Cognism is quote-based, with reported platform fees of $15,000–$25,000 per year plus $1,500–$2,500 per user. It has the strongest UK and European coverage of any platform, and its phone-verified data is checked against do-not-call lists — genuine compliance work, not a marketing line. If you run a 10+ person sales team selling into the UK and Europe, Cognism is probably the right answer.
If you run a two-person sales team, neither platform is built for you, and no discount changes that. The database is the product, and you’d be paying for millions of records you’ll never call.
2. Browser extension tools (Kaspr, Lusha, Apollo)
The affordable middle. These tools pull contact details from LinkedIn profiles and company websites, priced per user per month with credit limits.
Kaspr (owned by the Cognism group) starts around $49 per user per month, or €30–45 in European pricing. Lusha starts around $29–37 per user per month with a free tier of 5 credits. Apollo has a free plan worth testing before you spend anything, though it cut its free email credits sharply in late 2025 and its UK coverage is shallower than its US database.
The catch is structural, not vendor-specific: these tools find people who are on LinkedIn. Office-based professionals in tech, finance, and marketing — yes. Restaurant owners, care home managers, builders, and haulage operators — mostly not. If your buyers run trade businesses, the extension finds nothing to extract, no matter how many credits you buy. If email is your main channel, our guide on buying a B2B email database covers what these tools deliver against what brokers sell.

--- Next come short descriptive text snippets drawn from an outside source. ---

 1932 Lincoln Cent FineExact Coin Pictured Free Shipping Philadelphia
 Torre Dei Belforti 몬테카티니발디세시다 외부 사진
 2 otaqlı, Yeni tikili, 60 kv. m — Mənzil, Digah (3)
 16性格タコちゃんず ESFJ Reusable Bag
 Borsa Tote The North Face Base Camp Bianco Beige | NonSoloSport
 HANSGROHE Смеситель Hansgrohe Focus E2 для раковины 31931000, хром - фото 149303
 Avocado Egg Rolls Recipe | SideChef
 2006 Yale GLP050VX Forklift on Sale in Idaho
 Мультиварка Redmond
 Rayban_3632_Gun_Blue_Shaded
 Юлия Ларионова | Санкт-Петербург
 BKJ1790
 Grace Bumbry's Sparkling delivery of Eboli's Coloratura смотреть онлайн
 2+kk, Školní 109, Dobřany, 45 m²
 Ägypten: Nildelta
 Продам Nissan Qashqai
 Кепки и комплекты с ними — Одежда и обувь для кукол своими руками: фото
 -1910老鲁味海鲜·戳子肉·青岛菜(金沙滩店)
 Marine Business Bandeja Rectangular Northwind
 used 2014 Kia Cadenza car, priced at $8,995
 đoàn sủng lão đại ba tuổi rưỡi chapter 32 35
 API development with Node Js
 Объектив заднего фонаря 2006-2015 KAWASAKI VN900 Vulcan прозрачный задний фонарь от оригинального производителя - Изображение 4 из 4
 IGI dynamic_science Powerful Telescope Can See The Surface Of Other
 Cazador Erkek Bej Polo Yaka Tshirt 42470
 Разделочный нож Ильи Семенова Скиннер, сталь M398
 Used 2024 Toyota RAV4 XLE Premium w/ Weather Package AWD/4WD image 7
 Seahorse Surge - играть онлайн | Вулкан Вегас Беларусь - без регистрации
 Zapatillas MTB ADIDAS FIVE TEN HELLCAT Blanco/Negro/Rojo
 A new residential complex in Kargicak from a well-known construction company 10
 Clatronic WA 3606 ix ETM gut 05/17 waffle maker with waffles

3. List brokers (Selectabase, Corpdata)
The oldest category. You specify sector, location, and company size; the broker sells you a CSV. In the UK, Selectabase has sold business data since 1995 and offers a self-serve list builder with live counts. Corpdata has supplied UK email, postal, and telemarketing lists for over twenty years. Both are UK-native and ICO-registered — which matters, because much of the cheap list market is not.
The going rate for UK B2B lists is around £275–£350 per thousand records. That buys a snapshot: accurate at the moment of purchase, decaying from that point on, with no refresh and no ongoing verification.
One honest note on the state of this market: Marketscan, one of the UK’s largest brokers, closed in 2025, with Selectabase absorbing its customers. The static-list business is consolidating, and the reason is the product’s shelf life — more on that below. For how to choose and use a broker list well, see our guide to B2B marketing lists.
4. Signal and trigger providers (B2B Data Scouts)
The category the vendor listicles never mention. Instead of selling who exists, signal providers sell when a business needs you — based on a public trigger event. A restaurant fails its hygiene inspection: it needs pest control and deep cleaning this week. A care home registers with the CQC: it needs staff and equipment from scratch. A homeowner files a planning application: trades will be quoting within the month.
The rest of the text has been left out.